Have you ever gone on a retreat?
I’m not talking about the Scouts of America kind, and I’m not talking about the one day the residents took off training to do team-building exercises and trust walks. Nope, family vacations do not count, as we all know that we need a vacation from our vacation when we get home.
Have you ever just gone away, disconnected from everything else, and connected to yourself?
Does it sound dreamy? Or completely woo?
What if a retreat is an exact prescription that you need?
No, I’m not selling or hosting a retreat. But I’ve recently been on one, and I’d like to reflect.
In October, I attended the Physicians Living Intentionally retreat hosted by Dr. Faryal Michaud in Oahu, Hawaii. Faryal is a dear friend, palliative care physician, and life coach who truly embodies living our bucket lists now.

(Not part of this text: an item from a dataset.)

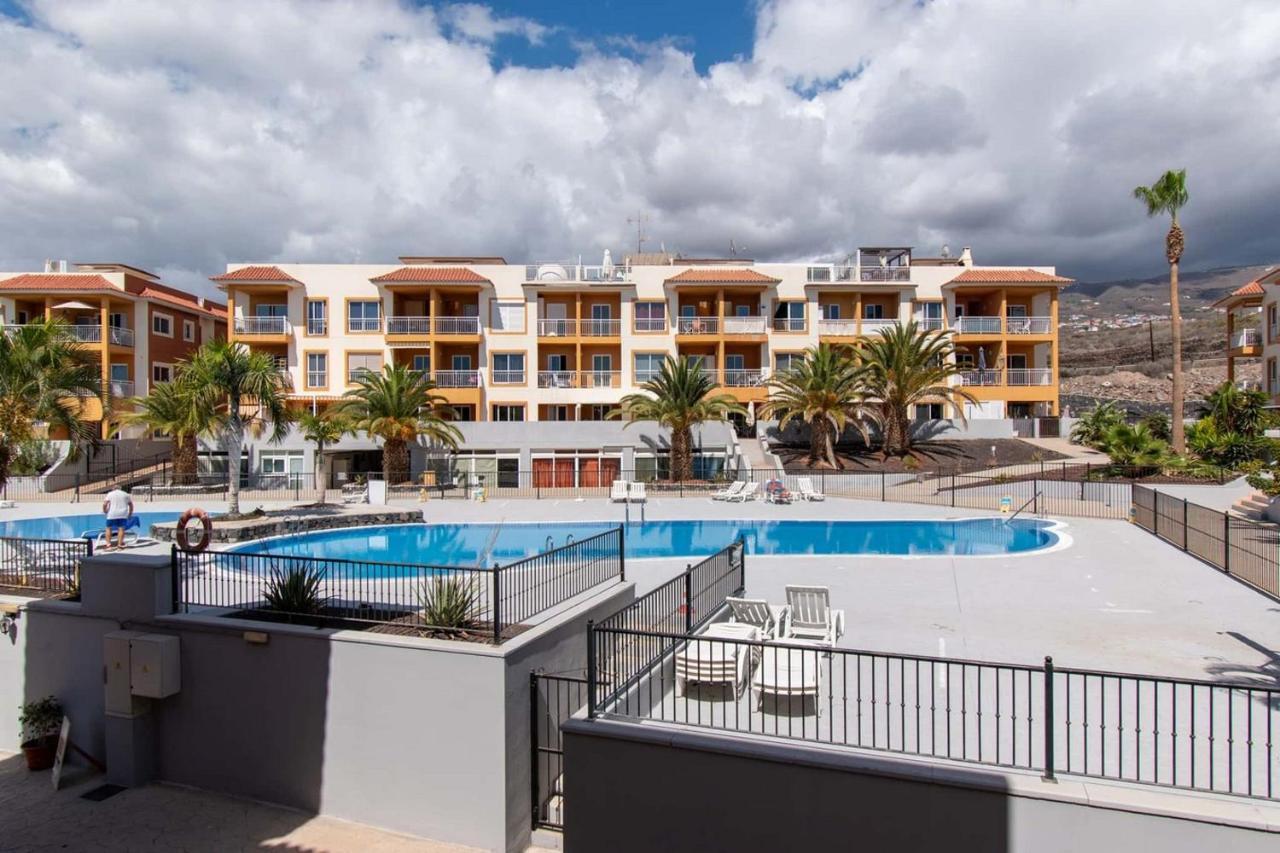 Sunset - 2 Bedroom Apartment أذيخي المظهر الخارجي الصورة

I was repeatedly asked by colleagues and loved ones what are the objectives for going on the retreat. Are you getting CMEs? Why are you going?
I went because:
- I wanted to.
- I’m worth it.
- I have been on one retreat in the past … 9 years ago.
- I was called to. Yeah, I didn’t know why, I just had a full-body “YES!” when I asked myself if I wanted to go.
It wasn’t a “deeper meaning,” a specific void in my life that I wanted to fill, or a CME bucket-filler. In fact, I went because there were no objectives. And I think this is true adult learning in action: no one else has the objectives for what I need right now. Only I do.
And I needed a retreat.
“A retreat from what, life?” you ask.
No, that’s not it. I needed a chance to disconnect from the daily routine that wraps around us every day and reconnect with me and my husband (who had the time of his life golfing while I attended discussions and activities). I don’t ever want to retreat from this life. And in order to live it to its fullest, I get to connect with what is most important to me.
That means taking time to take an inventory of what is working well, what brings me joy and meaning, and what I want more of.
Most of the time in life, we look at what is wrong and what we want less of.
The retreat offered me the opportunity to see that I want more time (don’t we all) to connect with quiet, peace, and loved ones. I want to embody love as well as the badass that I am. That’s what I got out of the retreat and what I brought home with me. I also brought home a passion to get a full-sleeve tattoo (reflecting love and badassery). Who knew?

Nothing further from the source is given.